A special magistrate with the city’s code enforcement board this week gave Robinson 30 days to brace and stabilize the historic Jackson House and install a temporary cover to keep rain from pouring through gaping holes in the roof.
City officials also told Robinson to take down a crumbling chimney, brick by brick. The bricks will be stored and preserved for future use.
“I’m a history guy. I like old buildings like this but we’ve got to move forward,” said Special Magistrate Alex Dunmire. “We don’t want anyone to get hurt.”
The Jackson House, at 851 Zack St., stands isolated amid parking lots, a relic of a rich history in and around Central Avenue’s black business and entertainment district. During segregation the rooming house was among few establishments where blacks could find lodging. Visitors included Ella Fitzgerald, Cab Calloway and James Brown.

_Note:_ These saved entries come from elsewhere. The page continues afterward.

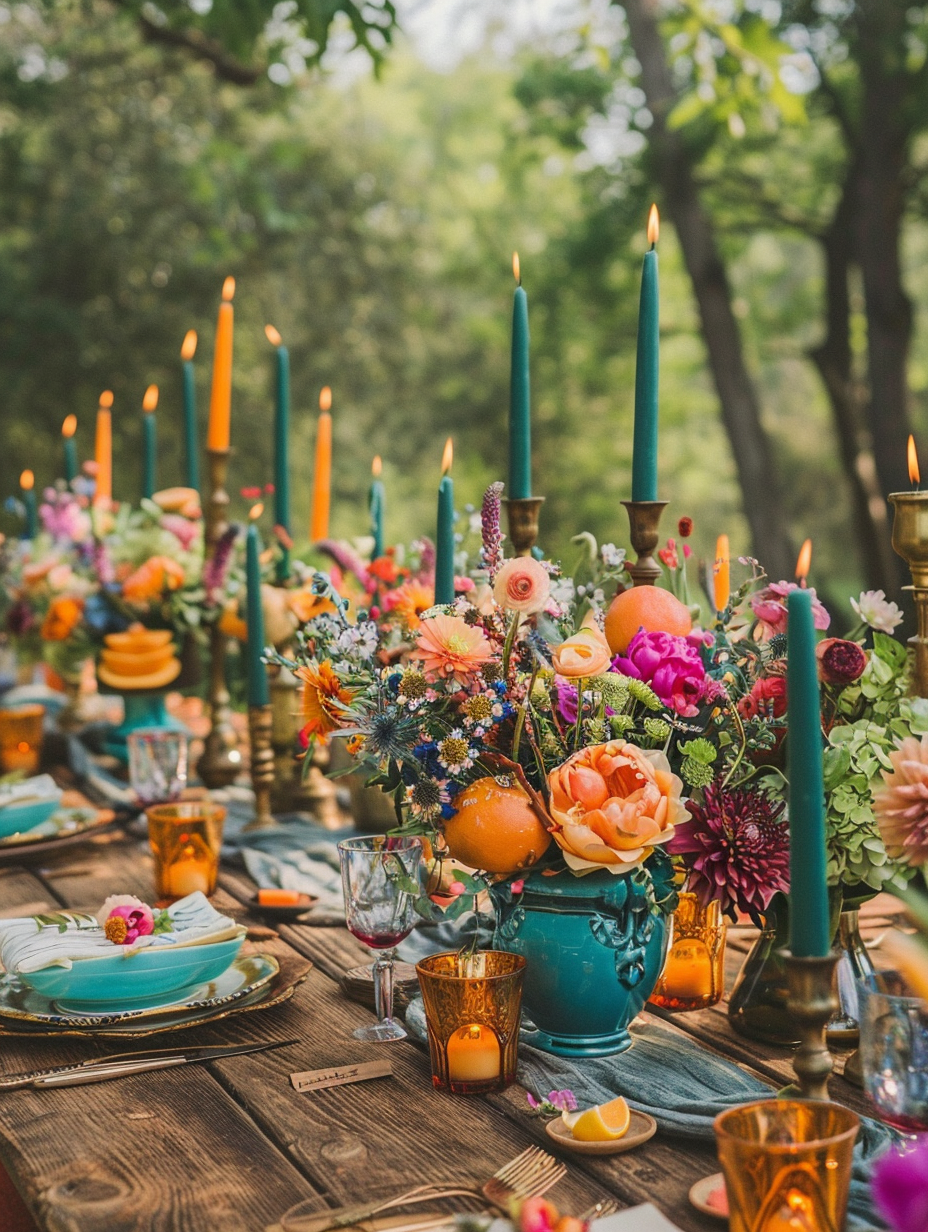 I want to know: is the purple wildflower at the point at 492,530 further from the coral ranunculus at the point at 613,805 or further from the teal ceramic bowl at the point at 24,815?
the teal ceramic bowl at the point at 24,815

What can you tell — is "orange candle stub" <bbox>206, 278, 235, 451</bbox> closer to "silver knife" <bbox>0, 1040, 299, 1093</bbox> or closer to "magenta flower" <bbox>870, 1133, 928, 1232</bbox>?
"silver knife" <bbox>0, 1040, 299, 1093</bbox>

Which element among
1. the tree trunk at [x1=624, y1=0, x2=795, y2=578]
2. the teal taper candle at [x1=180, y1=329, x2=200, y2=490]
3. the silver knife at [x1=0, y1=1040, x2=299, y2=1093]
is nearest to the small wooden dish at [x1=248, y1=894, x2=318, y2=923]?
the silver knife at [x1=0, y1=1040, x2=299, y2=1093]

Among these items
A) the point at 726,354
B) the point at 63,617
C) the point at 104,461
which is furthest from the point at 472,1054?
the point at 726,354

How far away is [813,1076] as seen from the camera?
0.83 meters

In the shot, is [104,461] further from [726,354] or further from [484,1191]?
[726,354]

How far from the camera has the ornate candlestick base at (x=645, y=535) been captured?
129 centimetres

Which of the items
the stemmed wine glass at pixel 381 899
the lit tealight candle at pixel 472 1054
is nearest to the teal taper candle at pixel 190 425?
the stemmed wine glass at pixel 381 899

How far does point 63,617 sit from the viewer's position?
2381 millimetres

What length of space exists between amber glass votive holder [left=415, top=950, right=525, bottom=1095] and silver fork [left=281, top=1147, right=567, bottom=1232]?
11 centimetres

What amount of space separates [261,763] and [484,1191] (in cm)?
114

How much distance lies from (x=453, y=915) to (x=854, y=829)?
366mm

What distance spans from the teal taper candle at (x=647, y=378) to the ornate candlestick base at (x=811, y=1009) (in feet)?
1.92

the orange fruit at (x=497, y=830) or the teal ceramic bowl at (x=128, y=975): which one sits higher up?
the orange fruit at (x=497, y=830)

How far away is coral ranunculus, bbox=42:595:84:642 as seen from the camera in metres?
2.37
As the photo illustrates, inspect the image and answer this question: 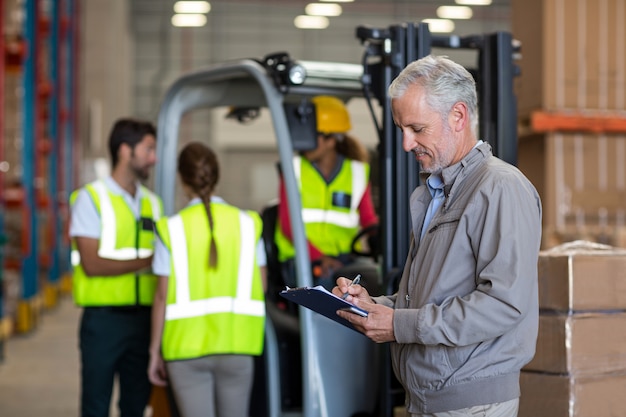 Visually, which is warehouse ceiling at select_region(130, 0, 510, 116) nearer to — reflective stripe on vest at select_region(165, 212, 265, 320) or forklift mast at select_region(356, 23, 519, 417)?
forklift mast at select_region(356, 23, 519, 417)

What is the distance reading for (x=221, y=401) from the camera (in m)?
3.78

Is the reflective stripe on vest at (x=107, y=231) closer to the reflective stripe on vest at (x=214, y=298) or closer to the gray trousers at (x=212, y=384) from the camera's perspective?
the reflective stripe on vest at (x=214, y=298)

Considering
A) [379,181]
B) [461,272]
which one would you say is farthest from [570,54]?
[461,272]

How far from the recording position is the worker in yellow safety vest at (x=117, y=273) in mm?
4211

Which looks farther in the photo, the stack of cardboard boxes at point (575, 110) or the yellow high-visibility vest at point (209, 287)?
the stack of cardboard boxes at point (575, 110)

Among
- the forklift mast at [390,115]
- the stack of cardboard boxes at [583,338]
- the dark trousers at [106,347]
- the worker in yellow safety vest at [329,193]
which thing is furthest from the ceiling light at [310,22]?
the stack of cardboard boxes at [583,338]

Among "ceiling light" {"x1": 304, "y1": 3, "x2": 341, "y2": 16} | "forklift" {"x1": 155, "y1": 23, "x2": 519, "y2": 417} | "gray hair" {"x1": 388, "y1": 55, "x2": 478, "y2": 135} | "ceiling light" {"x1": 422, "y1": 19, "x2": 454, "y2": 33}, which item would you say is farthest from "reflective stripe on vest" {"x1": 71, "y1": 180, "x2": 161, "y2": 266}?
"ceiling light" {"x1": 422, "y1": 19, "x2": 454, "y2": 33}

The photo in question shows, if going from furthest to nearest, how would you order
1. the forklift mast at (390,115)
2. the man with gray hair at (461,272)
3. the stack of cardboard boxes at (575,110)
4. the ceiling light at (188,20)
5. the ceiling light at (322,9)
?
the ceiling light at (188,20) < the ceiling light at (322,9) < the stack of cardboard boxes at (575,110) < the forklift mast at (390,115) < the man with gray hair at (461,272)

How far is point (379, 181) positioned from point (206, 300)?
0.85 metres

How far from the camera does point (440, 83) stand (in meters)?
2.21

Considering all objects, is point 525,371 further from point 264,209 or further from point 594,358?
point 264,209

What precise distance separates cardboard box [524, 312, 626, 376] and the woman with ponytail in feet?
4.17

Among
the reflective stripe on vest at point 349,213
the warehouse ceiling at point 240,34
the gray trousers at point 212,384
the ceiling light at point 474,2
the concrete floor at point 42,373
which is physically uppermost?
the ceiling light at point 474,2

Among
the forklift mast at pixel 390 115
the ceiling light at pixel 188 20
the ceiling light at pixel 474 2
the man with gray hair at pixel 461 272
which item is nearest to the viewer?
the man with gray hair at pixel 461 272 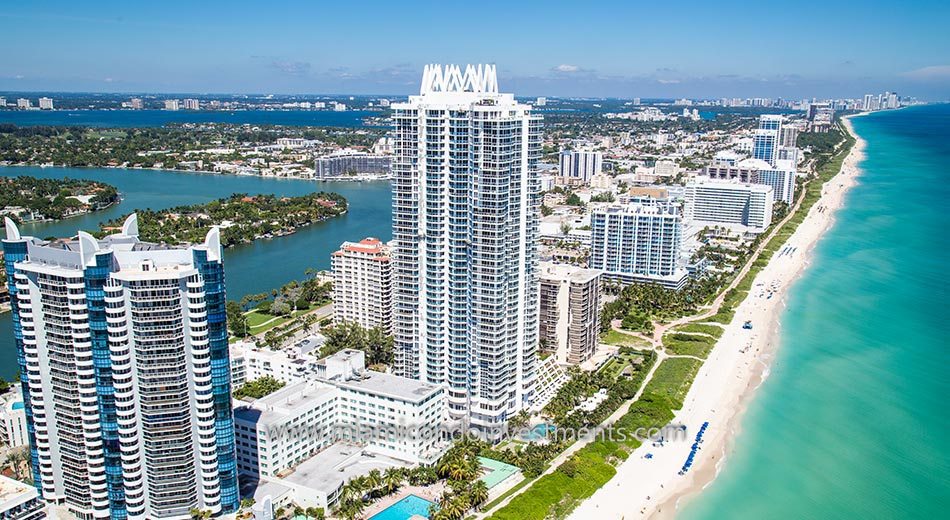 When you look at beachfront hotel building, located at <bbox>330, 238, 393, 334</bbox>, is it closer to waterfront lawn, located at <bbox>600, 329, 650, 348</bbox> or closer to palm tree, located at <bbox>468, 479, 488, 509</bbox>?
waterfront lawn, located at <bbox>600, 329, 650, 348</bbox>

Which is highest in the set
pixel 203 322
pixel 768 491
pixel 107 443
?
pixel 203 322

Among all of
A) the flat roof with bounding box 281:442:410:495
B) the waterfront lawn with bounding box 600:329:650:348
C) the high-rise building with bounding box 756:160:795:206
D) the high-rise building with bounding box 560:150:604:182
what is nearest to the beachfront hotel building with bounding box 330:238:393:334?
the waterfront lawn with bounding box 600:329:650:348

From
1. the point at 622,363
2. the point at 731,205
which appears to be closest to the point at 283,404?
the point at 622,363

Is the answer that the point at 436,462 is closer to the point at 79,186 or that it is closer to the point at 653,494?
the point at 653,494

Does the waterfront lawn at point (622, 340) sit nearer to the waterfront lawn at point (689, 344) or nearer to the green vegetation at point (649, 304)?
the green vegetation at point (649, 304)

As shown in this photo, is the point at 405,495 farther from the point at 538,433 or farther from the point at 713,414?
the point at 713,414

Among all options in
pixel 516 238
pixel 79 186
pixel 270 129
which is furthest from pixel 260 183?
pixel 516 238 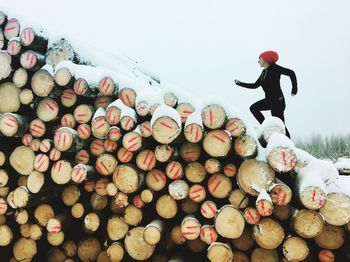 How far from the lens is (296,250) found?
2.24 metres

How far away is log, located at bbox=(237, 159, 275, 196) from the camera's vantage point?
87.9 inches

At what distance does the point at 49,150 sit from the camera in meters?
2.62

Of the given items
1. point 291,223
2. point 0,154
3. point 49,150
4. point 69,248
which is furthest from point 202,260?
point 0,154

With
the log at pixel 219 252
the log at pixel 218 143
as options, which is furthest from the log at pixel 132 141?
the log at pixel 219 252

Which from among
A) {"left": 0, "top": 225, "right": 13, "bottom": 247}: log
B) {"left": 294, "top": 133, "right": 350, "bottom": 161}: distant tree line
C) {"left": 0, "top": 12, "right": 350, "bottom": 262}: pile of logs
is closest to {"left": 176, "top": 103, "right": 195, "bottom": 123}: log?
{"left": 0, "top": 12, "right": 350, "bottom": 262}: pile of logs

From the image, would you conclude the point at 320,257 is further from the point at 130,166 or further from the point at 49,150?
the point at 49,150

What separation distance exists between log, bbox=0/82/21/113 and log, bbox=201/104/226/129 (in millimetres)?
1421

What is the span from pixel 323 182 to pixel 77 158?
167 centimetres

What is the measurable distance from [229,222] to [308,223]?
1.51ft

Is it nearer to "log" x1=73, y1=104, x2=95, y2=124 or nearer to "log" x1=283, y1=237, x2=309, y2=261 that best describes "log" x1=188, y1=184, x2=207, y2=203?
"log" x1=283, y1=237, x2=309, y2=261

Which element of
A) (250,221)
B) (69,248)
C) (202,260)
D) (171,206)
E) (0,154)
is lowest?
(69,248)

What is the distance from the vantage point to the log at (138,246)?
2.55 m

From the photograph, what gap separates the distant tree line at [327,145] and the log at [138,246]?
30.3 ft

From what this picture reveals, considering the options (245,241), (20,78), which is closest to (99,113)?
(20,78) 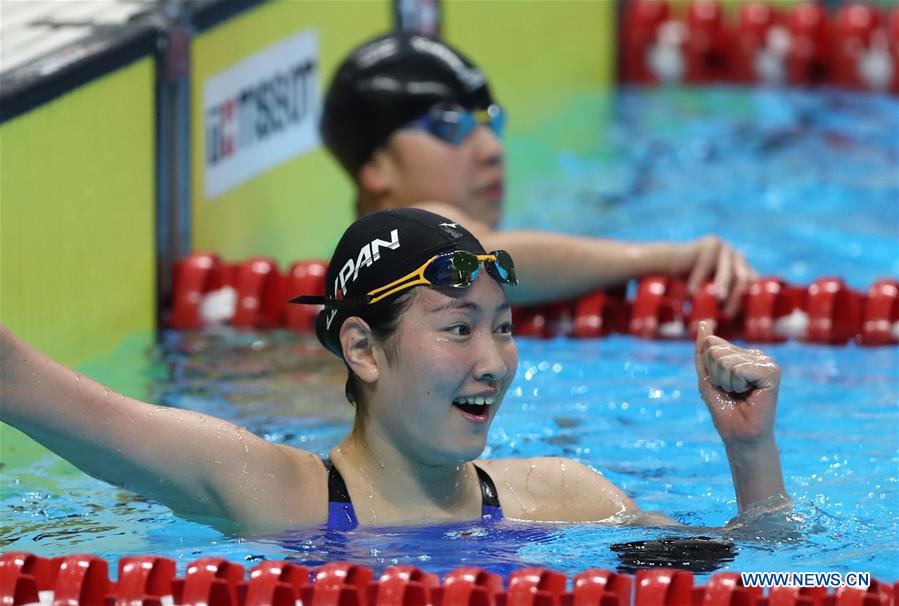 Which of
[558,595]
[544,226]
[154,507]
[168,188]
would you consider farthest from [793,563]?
[544,226]

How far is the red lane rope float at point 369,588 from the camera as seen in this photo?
2457 millimetres

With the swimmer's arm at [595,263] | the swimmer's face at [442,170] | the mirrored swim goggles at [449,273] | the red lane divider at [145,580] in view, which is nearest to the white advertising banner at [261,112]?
the swimmer's face at [442,170]

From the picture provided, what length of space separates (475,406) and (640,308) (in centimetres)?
202

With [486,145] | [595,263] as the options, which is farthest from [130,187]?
[595,263]

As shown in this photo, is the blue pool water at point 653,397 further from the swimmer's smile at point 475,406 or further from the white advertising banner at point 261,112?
the white advertising banner at point 261,112

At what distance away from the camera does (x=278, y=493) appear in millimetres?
2752

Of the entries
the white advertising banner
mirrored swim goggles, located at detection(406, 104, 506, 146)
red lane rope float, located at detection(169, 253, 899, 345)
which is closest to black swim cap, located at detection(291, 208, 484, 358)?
mirrored swim goggles, located at detection(406, 104, 506, 146)

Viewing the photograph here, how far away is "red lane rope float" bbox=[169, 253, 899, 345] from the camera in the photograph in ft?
15.4

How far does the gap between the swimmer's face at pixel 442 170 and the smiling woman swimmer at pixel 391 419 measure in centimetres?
183

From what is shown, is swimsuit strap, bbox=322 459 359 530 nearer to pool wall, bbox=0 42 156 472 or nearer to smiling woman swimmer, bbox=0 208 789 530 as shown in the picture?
smiling woman swimmer, bbox=0 208 789 530

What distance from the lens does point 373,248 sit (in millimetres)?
2783

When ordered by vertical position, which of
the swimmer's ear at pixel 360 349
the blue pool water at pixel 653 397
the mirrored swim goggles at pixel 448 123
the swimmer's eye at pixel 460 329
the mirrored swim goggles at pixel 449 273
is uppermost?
the mirrored swim goggles at pixel 448 123

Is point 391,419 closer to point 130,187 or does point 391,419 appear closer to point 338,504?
point 338,504

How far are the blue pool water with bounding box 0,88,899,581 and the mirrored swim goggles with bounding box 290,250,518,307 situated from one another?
1.42ft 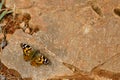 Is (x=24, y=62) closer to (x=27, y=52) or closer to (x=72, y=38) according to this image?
(x=27, y=52)

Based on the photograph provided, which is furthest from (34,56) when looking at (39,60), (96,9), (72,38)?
(96,9)

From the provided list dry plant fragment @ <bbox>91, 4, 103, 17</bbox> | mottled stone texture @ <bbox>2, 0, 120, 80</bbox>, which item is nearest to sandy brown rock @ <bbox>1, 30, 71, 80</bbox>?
mottled stone texture @ <bbox>2, 0, 120, 80</bbox>

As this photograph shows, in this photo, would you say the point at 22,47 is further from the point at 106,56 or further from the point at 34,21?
the point at 106,56

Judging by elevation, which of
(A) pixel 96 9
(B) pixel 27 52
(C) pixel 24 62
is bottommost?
(C) pixel 24 62

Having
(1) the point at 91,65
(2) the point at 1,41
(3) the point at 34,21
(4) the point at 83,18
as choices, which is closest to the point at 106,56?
(1) the point at 91,65

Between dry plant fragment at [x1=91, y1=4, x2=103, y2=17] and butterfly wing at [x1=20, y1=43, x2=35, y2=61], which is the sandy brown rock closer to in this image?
butterfly wing at [x1=20, y1=43, x2=35, y2=61] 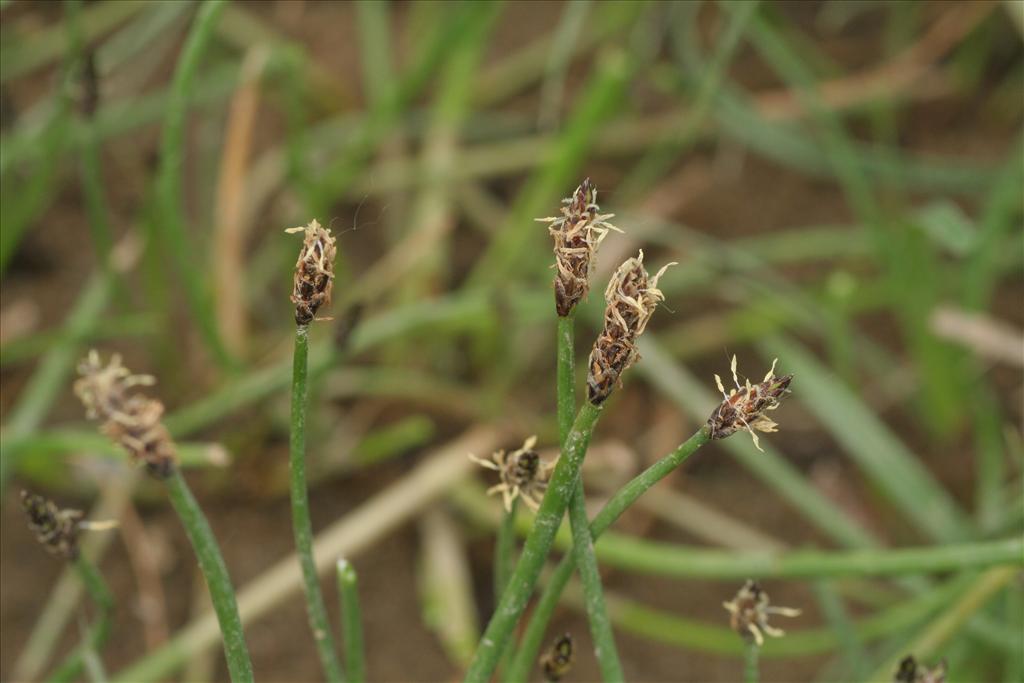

Central Avenue businesses vanished in the 1960s and ‘70s during highway construction projects.
At the hearing, code enforcement inspectors said the wood-frame structure is in danger of collapsing and is a public safety hazard. “The chimney is our greatest fear,” said Kevin Amos, district supervisor with the city’s code enforcement department. “It will reduce some risk if we remove it,” he said.
Robinson in June was given 60 days to begin repairs but code enforcement inspectors this week said no work had been done.
Robinson is seeking approval of a charitable organization that can accept donations to defray repair costs. It could be 90 days before he receives notification, he said.
“My eyes are not closed,” said Robinson. “I don’t want the Jackson House to be a problem, a safety problem. I want it to be in a positive light.”
Meanwhile he is working with Matt Depin of Bracken Engineering to find a contractor to remove the chimney. Bracken previously has supported clean-up efforts at the house and done minor repairs there for free. One option, Robinson said, is to allow a city contractor to do the work and for the city to put a lien on the house.
Depin said he hopes a company will consider doing the work for free or at a discounted fee.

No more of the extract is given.